→ **Activity**
Restate the records in full and exactly, with no images included.

[Dataset excerpts]
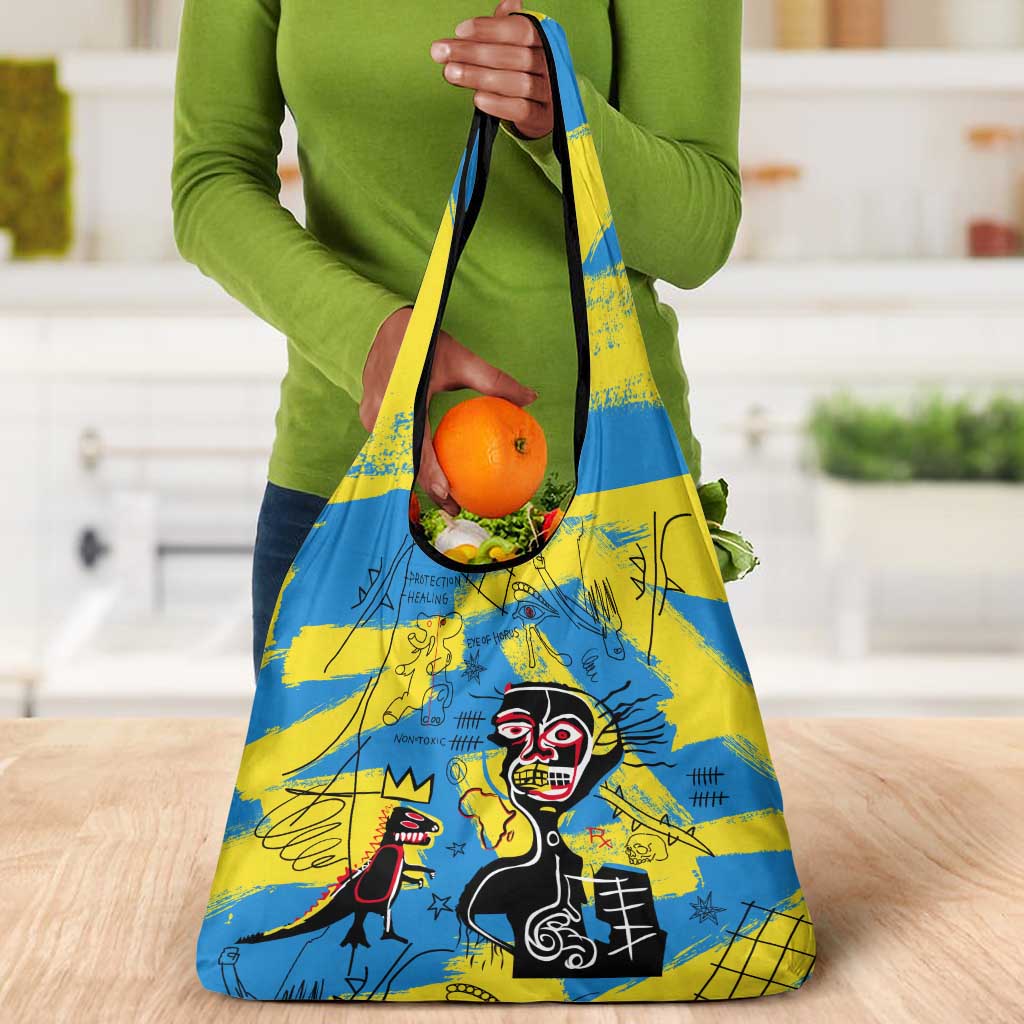 African Art Viva Underground Psychedelic Vintage Style Grocery Bag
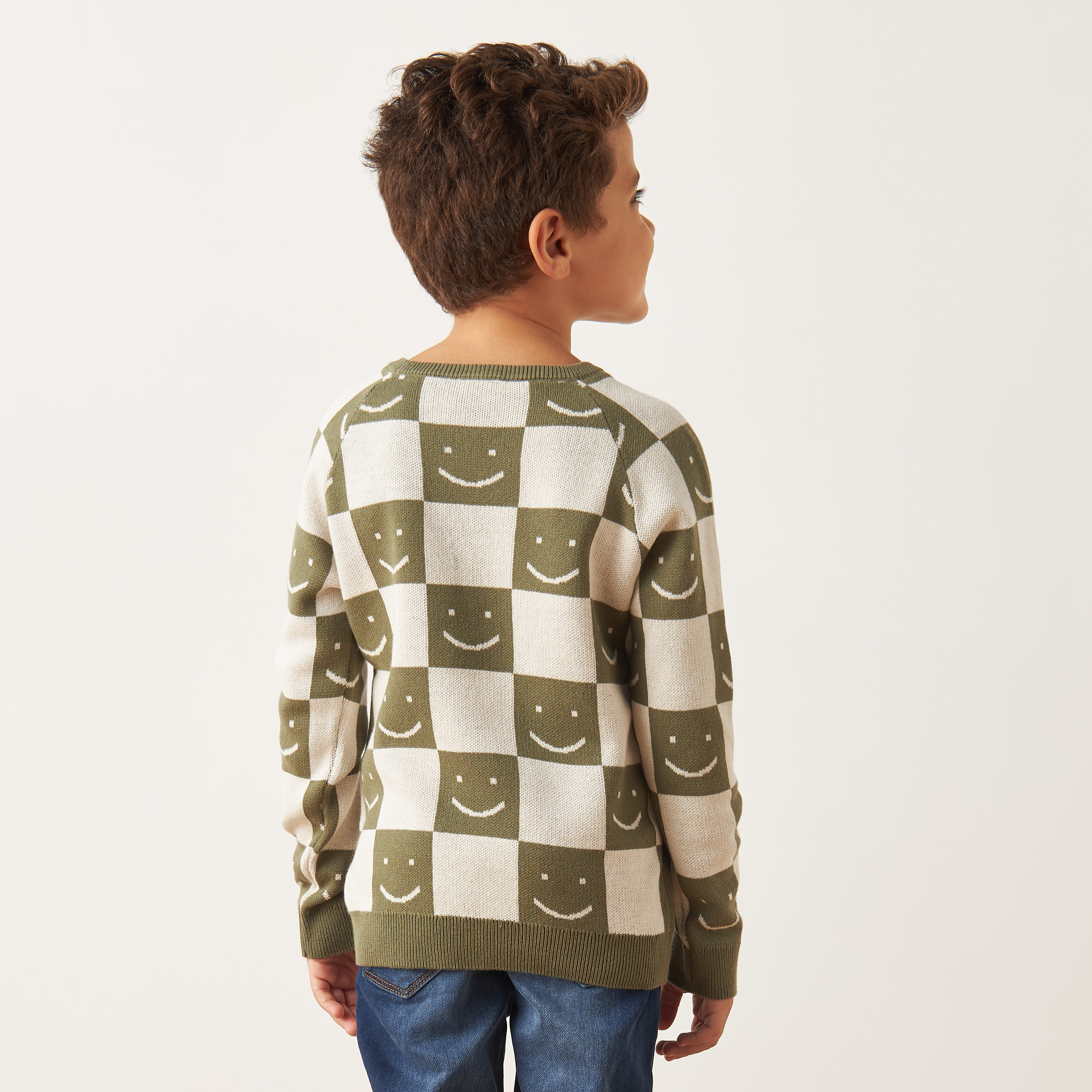 Juniors Checked Crew Neck Sweater-baby-boys-clothing-winterwear-jumpersandcardigans-image-4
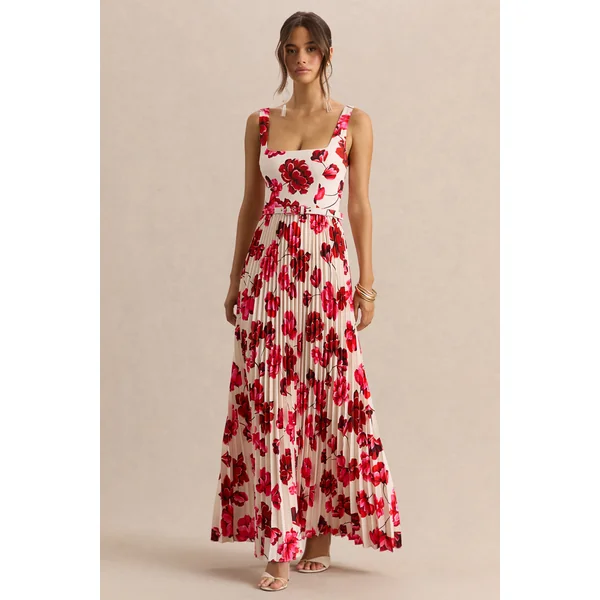 Danika | Robe longue à imprimé floral rose vif à encolure carrée avec ceinture et jupe plissée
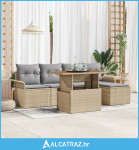 6-dijelni vrtni set sofa s jastučićima Bež Poli Ratan - NOVO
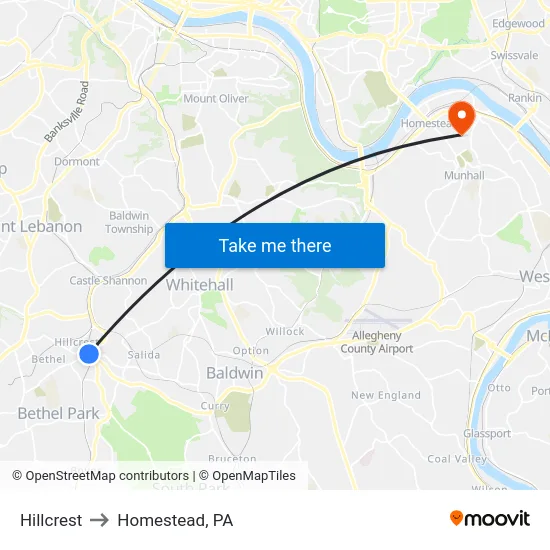 Hillcrest to Homestead, PA map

→ **Result of the exercise**
 African Art Viva Underground Psychedelic Vintage Style Grocery Bag
 Juniors Checked Crew Neck Sweater-baby-boys-clothing-winterwear-jumpersandcardigans-image-4
 Danika | Robe longue à imprimé floral rose vif à encolure carrée avec ceinture et jupe plissée
 6-dijelni vrtni set sofa s jastučićima Bež Poli Ratan - NOVO
 Hillcrest to Homestead, PA map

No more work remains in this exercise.